-- Given entries follows --

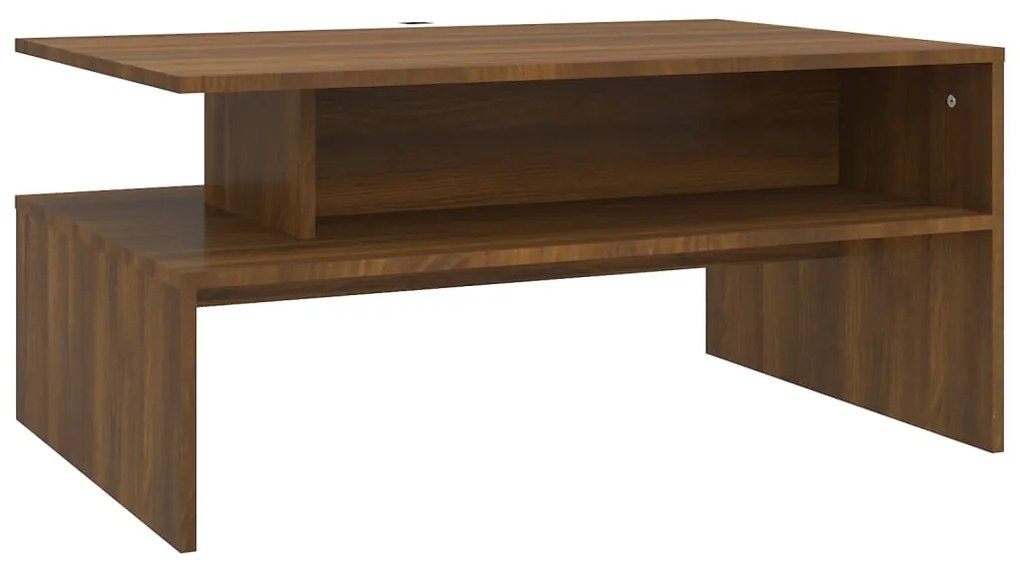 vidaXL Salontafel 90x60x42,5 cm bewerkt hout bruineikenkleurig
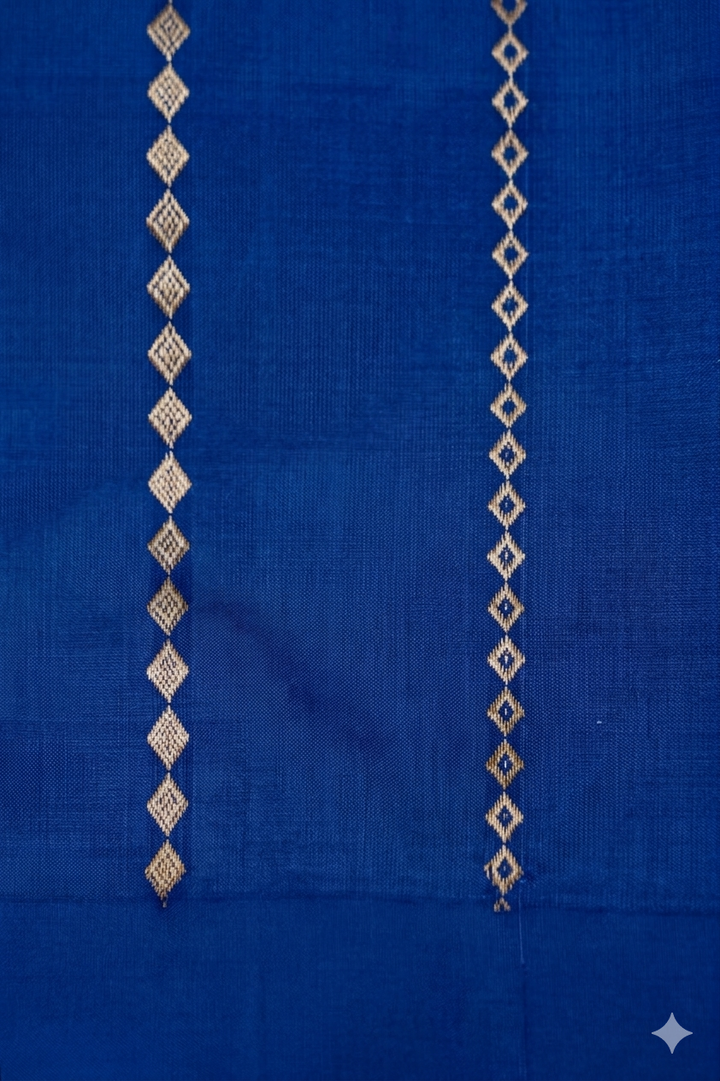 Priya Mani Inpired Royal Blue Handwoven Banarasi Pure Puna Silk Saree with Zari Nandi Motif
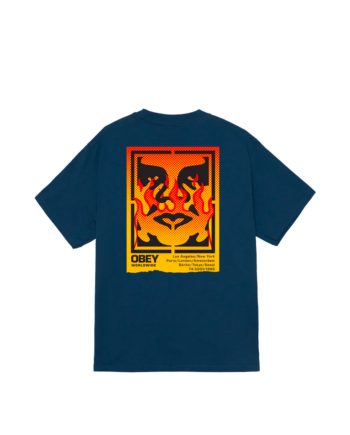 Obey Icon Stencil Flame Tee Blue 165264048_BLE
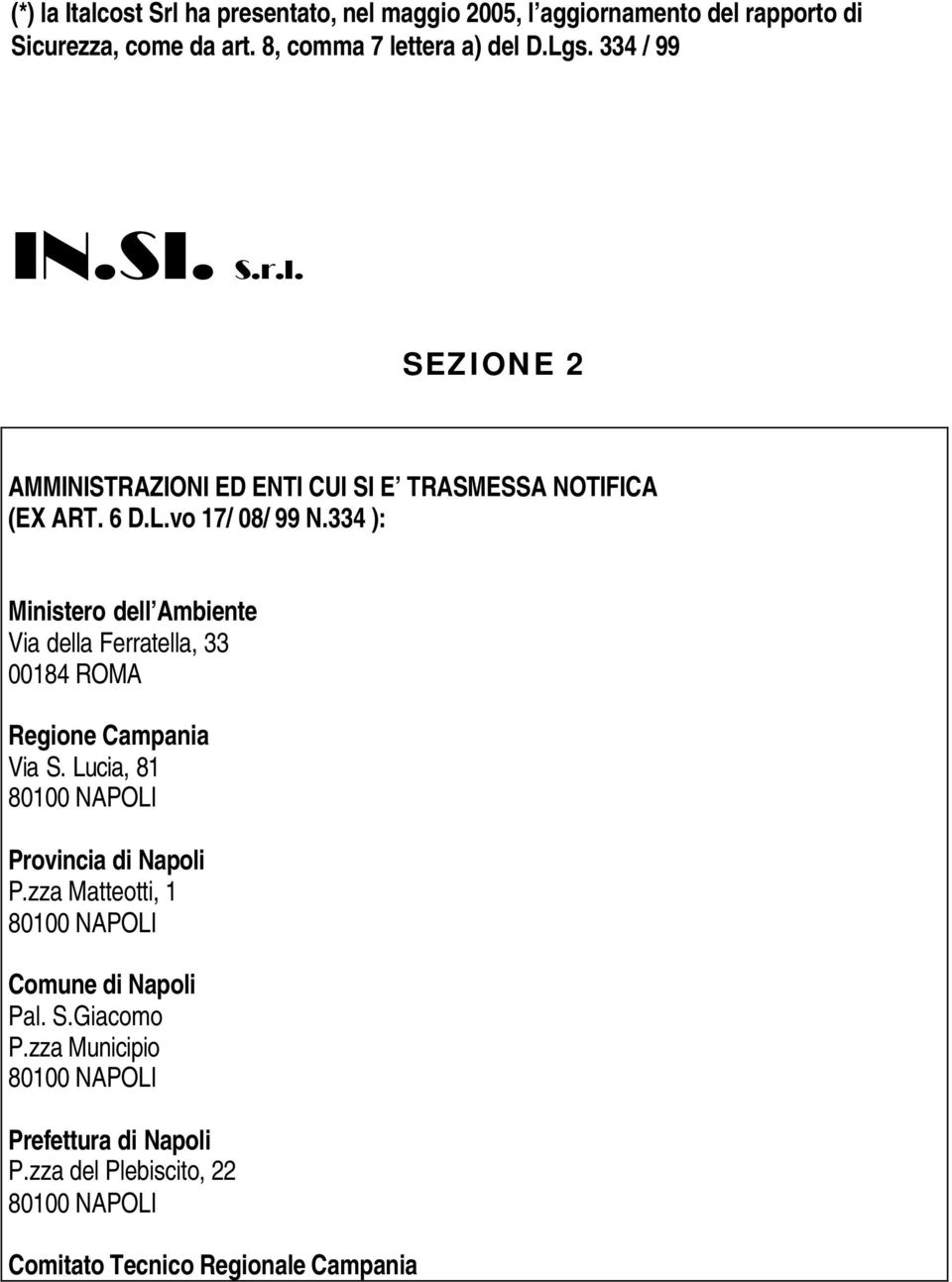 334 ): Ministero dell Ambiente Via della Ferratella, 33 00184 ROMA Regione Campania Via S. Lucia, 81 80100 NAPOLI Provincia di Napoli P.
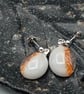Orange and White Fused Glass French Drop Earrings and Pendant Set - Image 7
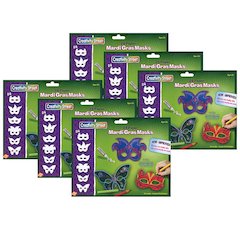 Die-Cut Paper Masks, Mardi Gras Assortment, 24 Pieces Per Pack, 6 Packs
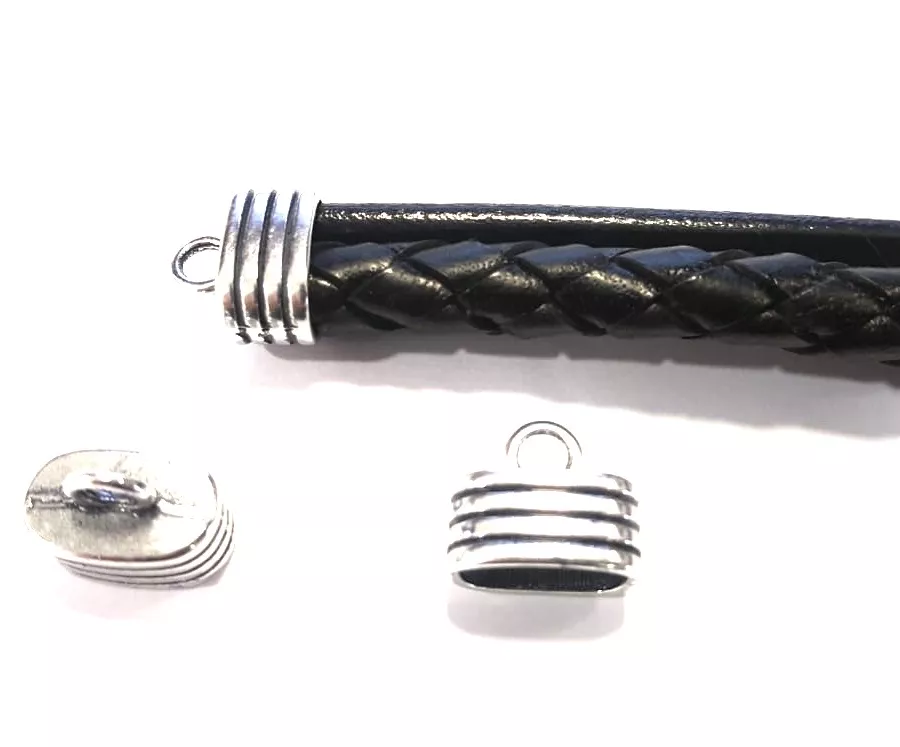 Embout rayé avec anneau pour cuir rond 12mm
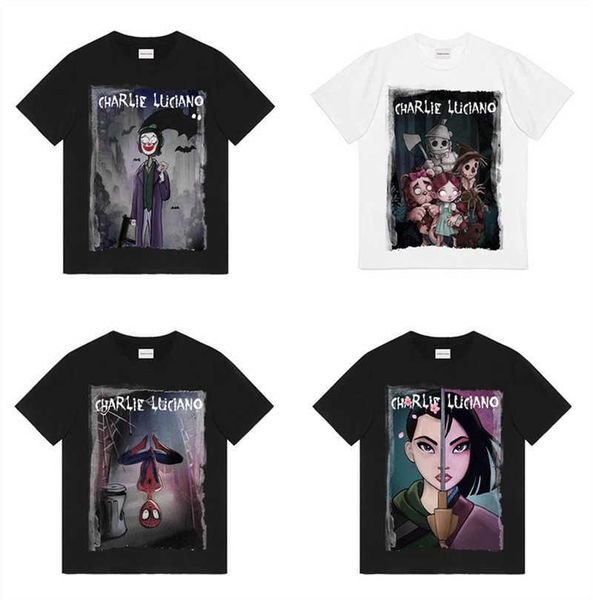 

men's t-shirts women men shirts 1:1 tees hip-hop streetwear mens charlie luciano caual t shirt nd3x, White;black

-- Given entries concluded --

> **Exercise brief**:
Output every entry word for word, but omit the pictures.

> **Solution to this problem**:
 vidaXL Salontafel 90x60x42,5 cm bewerkt hout bruineikenkleurig
 Priya Mani Inpired Royal Blue Handwoven Banarasi Pure Puna Silk Saree with Zari Nandi Motif
 Obey Icon Stencil Flame Tee Blue 165264048_BLE
 334 ): Ministero dell Ambiente Via della Ferratella, 33 00184 ROMA Regione Campania Via S. Lucia, 81 80100 NAPOLI Provincia di Napoli P.
Orange and White Fused Glass French Drop Earrings and Pendant Set - Image 7
 Die-Cut Paper Masks, Mardi Gras Assortment, 24 Pieces Per Pack, 6 Packs
 Embout rayé avec anneau pour cuir rond 12mm

men's t-shirts women men shirts 1:1 tees hip-hop streetwear mens charlie luciano caual t shirt nd3x, White;black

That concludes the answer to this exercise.